It reminded me of one of Bono’s earlier endeavors: the ONE Campaign. Bono titled this “the campaign to make poverty history.” Its strategy was simply to rally Americans to call upon President Bush to allocate one additional percentage point of the U.S. budget to fighting extreme poverty across the globe.
Surprisingly, they never ask for any direct contributions: “ONE isn’t asking for your money, we’re asking for your voice. ONE does not accept donations. Instead, we hope that you’ll take action with ONE by contacting Congress, the President and other elected officials and ask them to do even more to fight global AIDS and extreme poverty. We encourage you to sign the ONE declaration and help by spreading the word about the ONE Campaign by talking about it with your friends, family and co-workers. Additionally, you can show your community that you support ONE by purchasing ONE merchandise on our website.”
Just sign our petition! Just call President Bush! Wear our wristband! That’s all it takes to make poverty history! You don’t even need to give a dime!
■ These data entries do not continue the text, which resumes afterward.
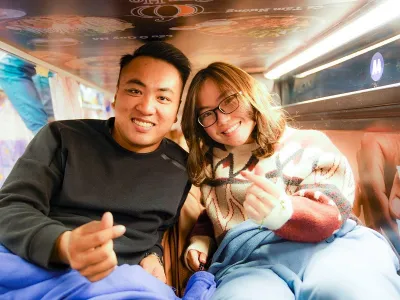 Cho thuê xe giường nằm đi Điện Biên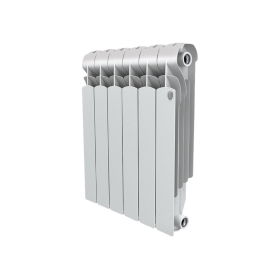 Радиатор алюминиевый Royal Thermo Indigo 500 2.0 – 6 секц
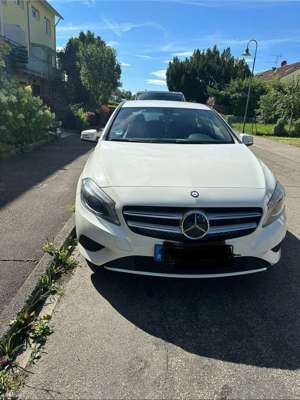 Mercedes-Benz A 180 (BlueEFFICIENCY)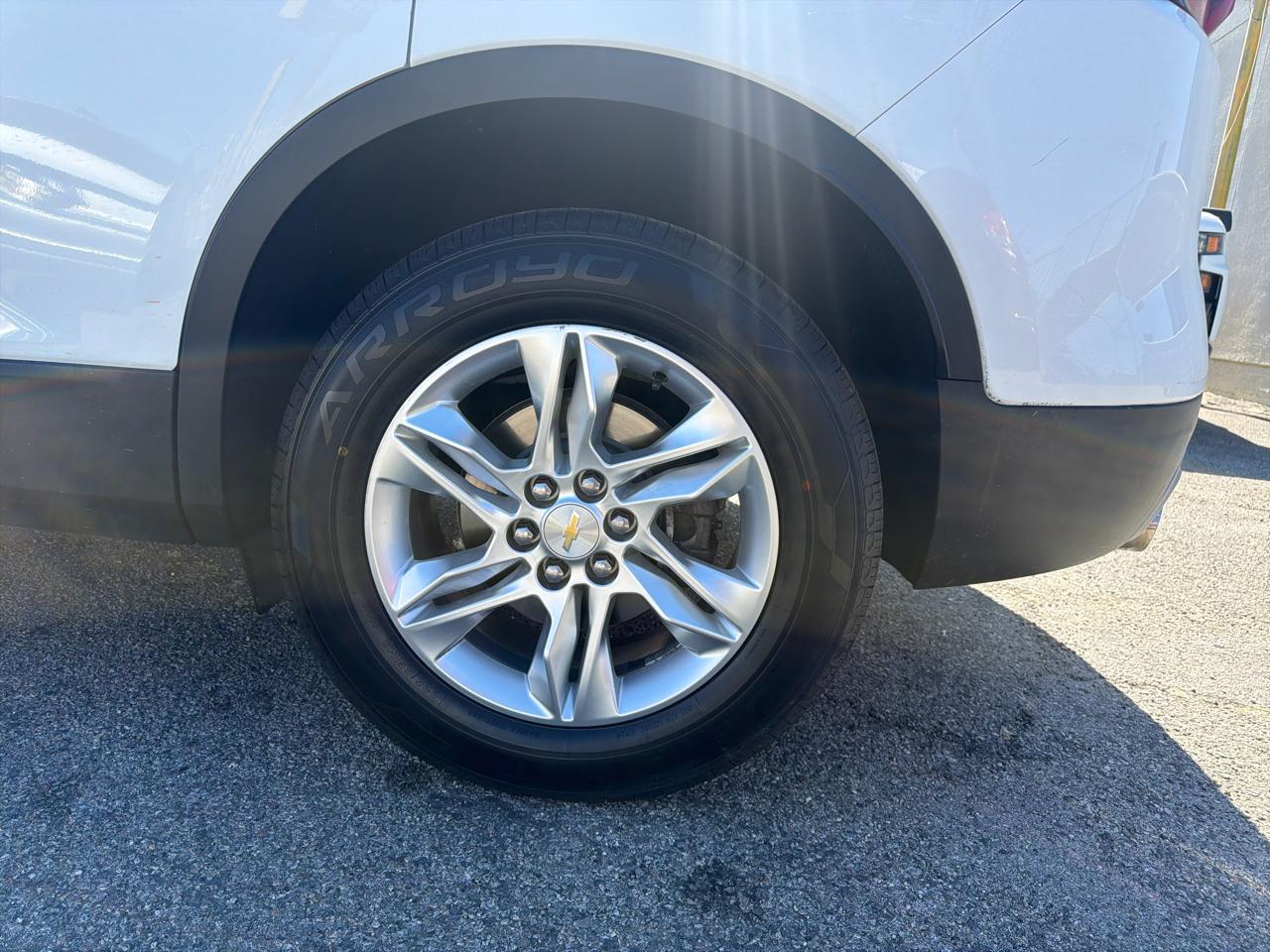 Chevrolet Blazer 3LT 2020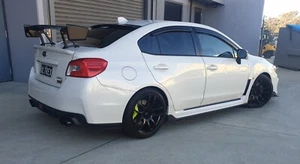 SPOILER FOR SUBARU WRX & STI MY15-21 VAB + BRZ/ GT86 - S207 STYLE ABS - Picture 1 of 9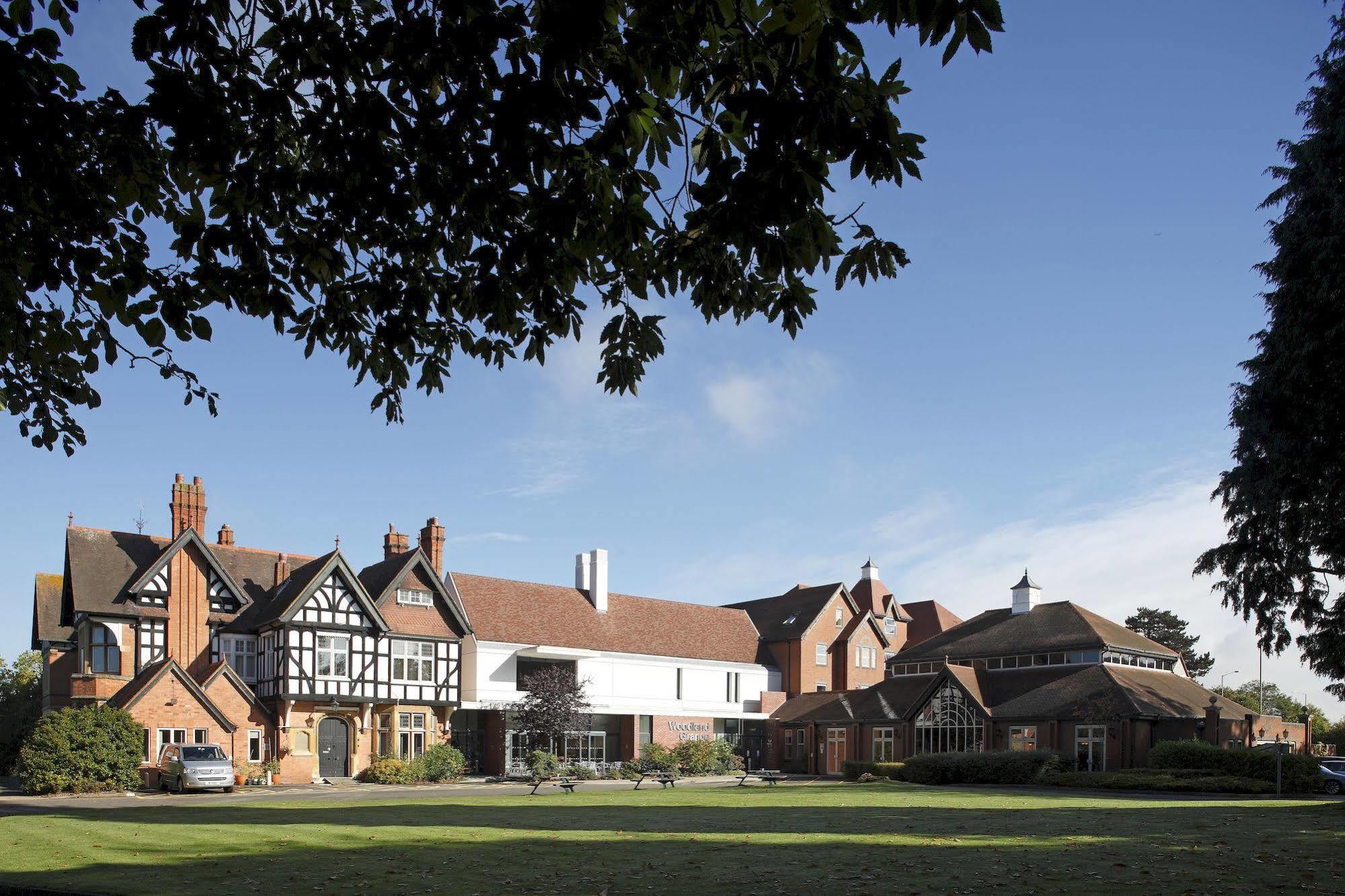 Woodland Grange Hotel Lillington  Kültér fotó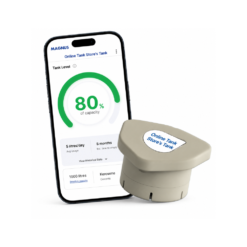 Magnus HAWKi Bluetooth Water Tank Level Monitor For Plastic Tanks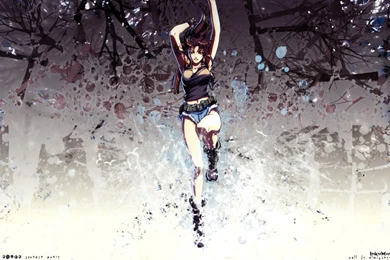 Black Lagoon Wallpapers   Black Lagoon Wallpapers (30295698)   Fanpop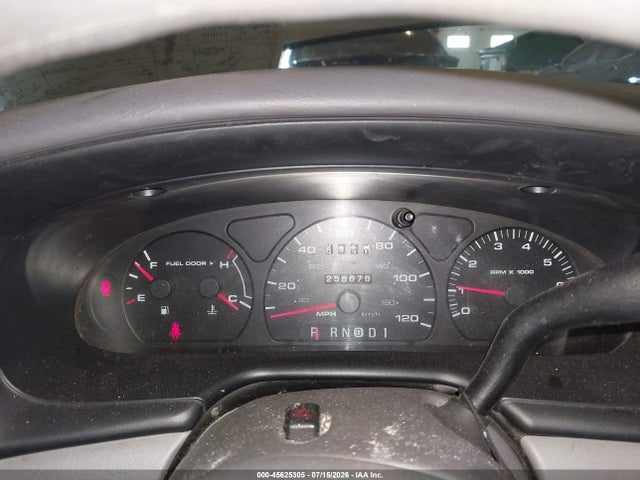 Продаж на аукціоні авто 2001 Ford Taurus Se, vin: 1FAFP58U61G211695, номер лоту: 45625305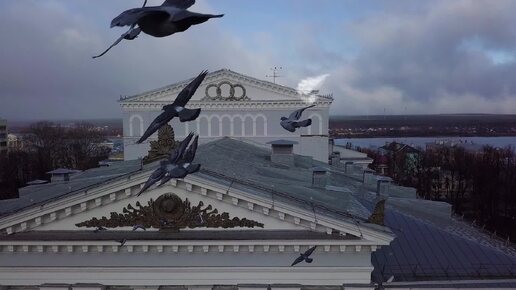 Пермь театральная, Пермский край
What a bizarre method. Why not appeal to our consciences directly and ask every American to donate 1 percent of our personal budget to the poverty-fighting charity of our choice? The ONE Campaign made significant inroads with the religious communities—having them demand more from the government. Why not ask for a tithe? Why not call for personal contributions instead of political noise-making?
But that would require sacrifice. And that wouldn’t sell. Nor would it be trendy. It’s so much easier to say we can fight AIDS by buying Armani and Gap. It’s so much easier to say we’ll end world poverty by telling Congress to do something about it. My “good-looking” “fine self” sleeps so much better at night knowing that my (RED) purchase has bought pills for someone in Africa, that my signature on the ONE declaration means I’ve done my part.